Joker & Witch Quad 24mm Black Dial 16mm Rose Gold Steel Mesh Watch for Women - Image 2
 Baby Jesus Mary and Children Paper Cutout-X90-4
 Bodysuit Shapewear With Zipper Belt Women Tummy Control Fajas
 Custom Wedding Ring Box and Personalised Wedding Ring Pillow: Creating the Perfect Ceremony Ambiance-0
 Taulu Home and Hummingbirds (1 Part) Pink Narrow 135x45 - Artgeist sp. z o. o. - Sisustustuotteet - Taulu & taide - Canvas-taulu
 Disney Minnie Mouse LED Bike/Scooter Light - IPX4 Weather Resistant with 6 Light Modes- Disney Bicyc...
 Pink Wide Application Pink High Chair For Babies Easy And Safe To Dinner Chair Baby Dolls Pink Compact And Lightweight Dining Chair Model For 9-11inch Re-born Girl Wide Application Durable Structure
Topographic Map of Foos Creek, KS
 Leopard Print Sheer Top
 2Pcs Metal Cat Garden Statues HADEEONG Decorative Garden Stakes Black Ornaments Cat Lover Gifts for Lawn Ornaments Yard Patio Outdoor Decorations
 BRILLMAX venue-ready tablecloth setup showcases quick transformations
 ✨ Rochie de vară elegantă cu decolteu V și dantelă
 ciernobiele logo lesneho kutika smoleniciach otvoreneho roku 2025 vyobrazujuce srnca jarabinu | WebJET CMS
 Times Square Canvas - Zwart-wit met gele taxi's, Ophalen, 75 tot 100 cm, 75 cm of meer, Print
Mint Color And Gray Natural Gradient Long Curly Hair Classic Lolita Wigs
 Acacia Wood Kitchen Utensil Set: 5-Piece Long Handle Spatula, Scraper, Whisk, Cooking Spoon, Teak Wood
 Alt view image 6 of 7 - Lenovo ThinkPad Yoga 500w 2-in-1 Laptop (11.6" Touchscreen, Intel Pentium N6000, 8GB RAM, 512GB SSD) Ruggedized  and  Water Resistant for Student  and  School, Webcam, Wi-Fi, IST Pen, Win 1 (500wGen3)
+--
**ACTIVITY:** This exercise calls for the lines from the one holding "Topographic Map of Foos Creek, KS" through the end of the entries, transcribed exactly and with nothing more.

**ANSWER FOR THIS EXERCISE:**
Topographic Map of Foos Creek, KS
 Leopard Print Sheer Top
 2Pcs Metal Cat Garden Statues HADEEONG Decorative Garden Stakes Black Ornaments Cat Lover Gifts for Lawn Ornaments Yard Patio Outdoor Decorations
 BRILLMAX venue-ready tablecloth setup showcases quick transformations
 ✨ Rochie de vară elegantă cu decolteu V și dantelă
 ciernobiele logo lesneho kutika smoleniciach otvoreneho roku 2025 vyobrazujuce srnca jarabinu | WebJET CMS
 Times Square Canvas - Zwart-wit met gele taxi's, Ophalen, 75 tot 100 cm, 75 cm of meer, Print
Mint Color And Gray Natural Gradient Long Curly Hair Classic Lolita Wigs
 Acacia Wood Kitchen Utensil Set: 5-Piece Long Handle Spatula, Scraper, Whisk, Cooking Spoon, Teak Wood
 Alt view image 6 of 7 - Lenovo ThinkPad Yoga 500w 2-in-1 Laptop (11.6" Touchscreen, Intel Pentium N6000, 8GB RAM, 512GB SSD) Ruggedized  and  Water Resistant for Student  and  School, Webcam, Wi-Fi, IST Pen, Win 1 (500wGen3)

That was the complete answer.